Unfortunately it is my 18 month old son who has really suffered today. A tired mama, has meant lazy parenting. Or perhaps not lazy, but negative parenting. He's been told no, been called a pickle, don't do that, stop, and even at one point ( I am ashamed to say) naughty.
It all starts to unravel, once you start saying no. Well in my house it does. My toddler laughs. He shrieks and runs. He rushes to repeat the "doot-doo-dat" activity or giggles as he repeats and shouts nah ah ah. The behaviour gets worse as a try to hold him still, and get him to listen to what I say. Or I become frustrated and try to up the ante, by making eye contact and explaining it is a no.

Let's be honest. My experience has shown me that saying no doesn't work. Getting cross with my baby, makes him respond by performing more negative behaviours. I'm so deep in the trenches, feeling so sorry for myself, feeling so cross that I have to deal with this monster child solo- that I have temporarily become insane.

I'm not saying insane in the same way most people of my generation would casually describe a dress, or a party, or you know something not insane. But you know that saying that writers love to attribute to Einstein about how insanity is doing the same thing over and over and expecting different results.

As I Phsycology student I know that negative reinforcement (correcting bad behaviour or highlighting bad behaviour) doesn't work. One of the most controversial experiments into this had such long lasting effects on the participants it was dubbed "the monster study"

In other words calling a kids naughty, or telling them they behave badly, or are doing something bad reinforces the negative behaviour you are trying to correct.

I mean just think about it. How often have you met people convinced they can't do something or shouldn't follow their hearts based on something somebody said to them. Or conversly, people who perhaps think they are more gifted than they are, because of praise they've received.

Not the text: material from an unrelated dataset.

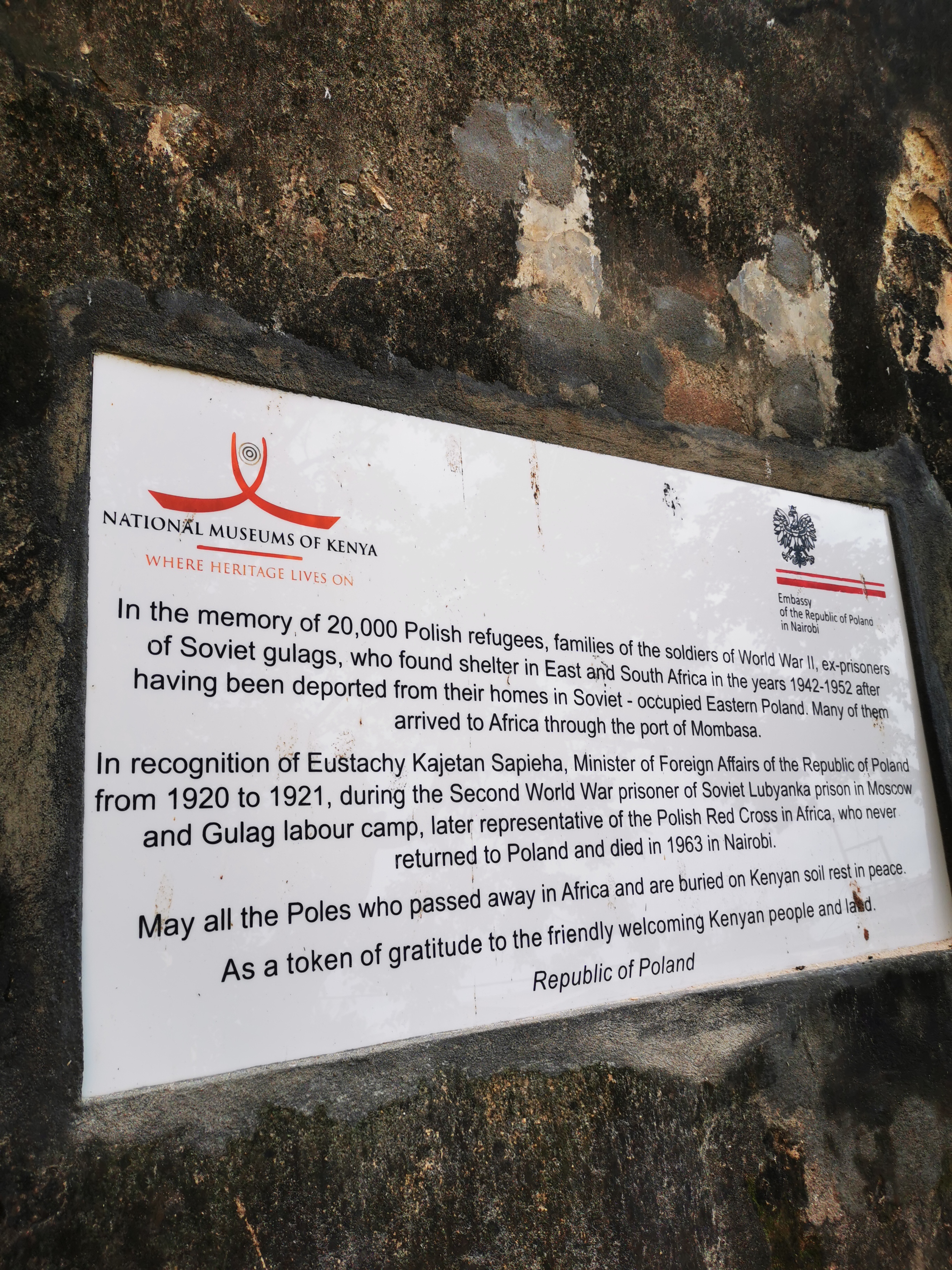 Fotografia przedstawiająca Plaque commemorating Poles on the walls of Fort Jesus in Mombasa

Focusing on the positive is so powerful. I feel ashamed that I forget this sometimes in my parenting. Especially, when I think about how much easier days are when I am positive mummy. How I have an 18 month old, who with encouragement can put his own clothes away, rather than through them across the floor. Who if I sit to the table and eat a meal with, will sit and eat calmly rather than spit food all over the floor. Who would much rather play in the garden with mama, than running around the house trying to find things he's not allowed to get my attention.

So tonight as I nursed my toddler to sleep. I apologised. I told him that I was sorry for being cross. That he was a good boy. That I loved him. That I hadn't been kind.

After all tomorrow is another day.



  1. None of us are perfect and we all snap once in a while.

    Tomorrow, is indeed, another day.